Maç sonrası G.Saray Başkan Yardımcısı Turgay Kıran, "Sahaya sadece 3-4 tane pet şişe atıldı. Diğer salonlarda bunlardan daha beteri oluyor ama sadece bizim seyircimiz dışarı çıkarılıyor. Olayların hepsinin sorumlusu bu kararı veren hakemlerdir" dedi.

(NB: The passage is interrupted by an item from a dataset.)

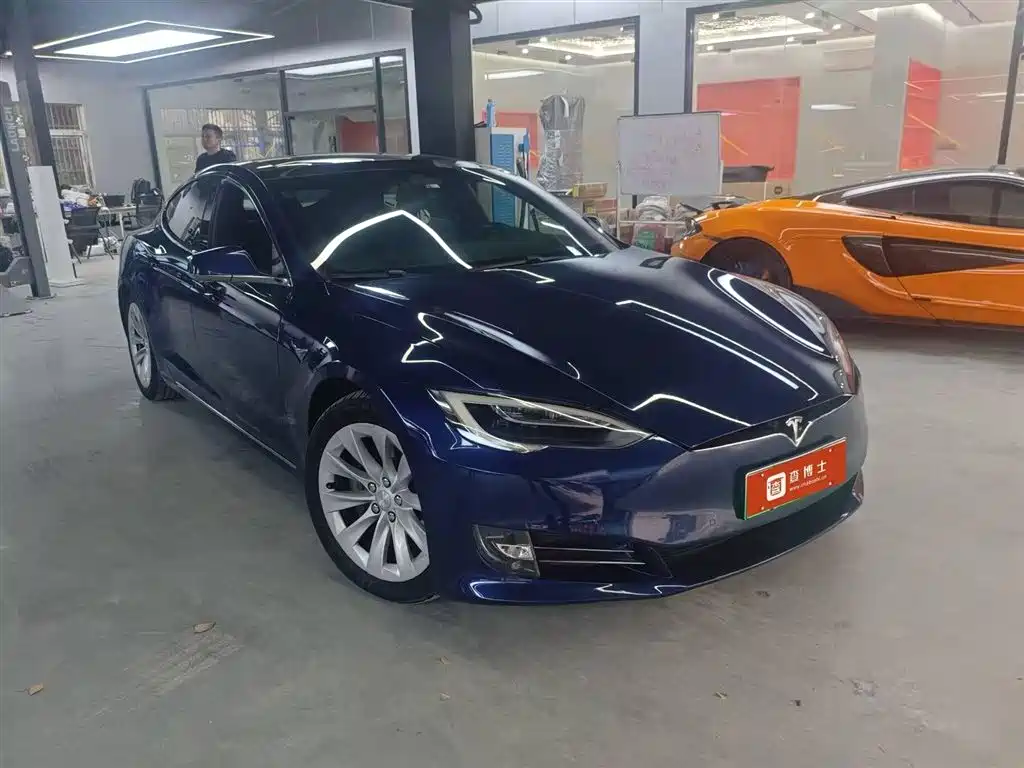 Tesla Model S 2018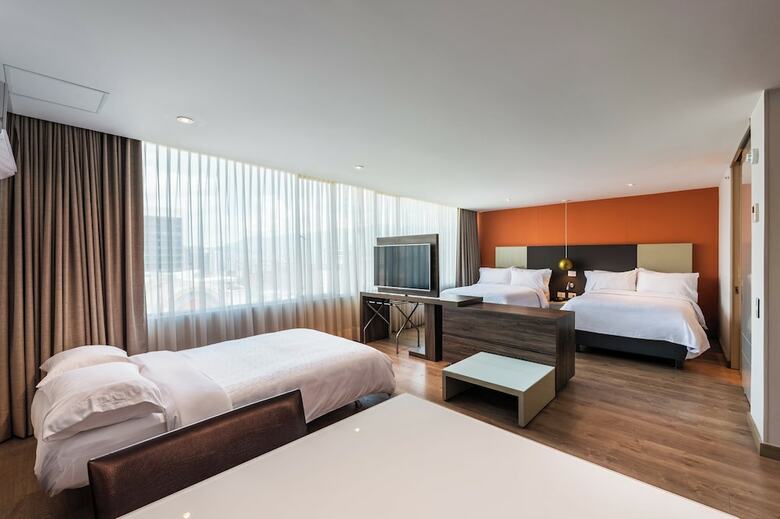 Hotel Holiday Inn Express & Suites Medellin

Haklı olduğu bir taraf var elbette. Gerçekten de başka sahalarda daha beterleri oldu. Ancak sayın Kıran'ın atladığı önemli bir konu var. Hatanın tekrarı bunu meşru kılmaz. Eğer hatalı bir hakem varsa bu diğer maçlarda iş çığrından çıkana kadar salonları boşaltmayanlardı. Ayrıca sahaya atılanlar sadece 3-4 pet şişe ile kalmadı. Ses bombaları, ayran kutuları (bir tanesi F.Bahçe Koçu Aydın Örs'e isabet etti), cepte taşınabilen her türlü madeni para, çakmak, kalem vs ve nihayet bir cam şişe de vardı. Spor yapılan ortama direkt yapılan bu müdaheleler karşısında oldukça otoriter olduğu bilinen hakem Engin Kennerman ve saha komiseri Ömer Ozan önce tribünleri uyardılar. Daha sonra soyunma odasına gittiler ve anonsla olayların tekrarı halinde tribünlerin boşaltılacağı uyarısında bulundular. Olaylar yine tekrar ettiğinde salon boşaltılacakken yeniden ikna edildiler ama uyarıyı tekrarladılar. Son olarak 27. dakikada bir hücum faul düdüğünden sonra sahaya uçan 4-5 pet şişeyi görünce salonun boşaltılmasına karar verdiler. Umarız bu karar bir emsal teşkil eder. Çünkü salonlarda sayın Kıran'ın da belirttiği gibi "daha beterleri" de olmaya başladı ve terör gün geçtikçe tırmanıyor.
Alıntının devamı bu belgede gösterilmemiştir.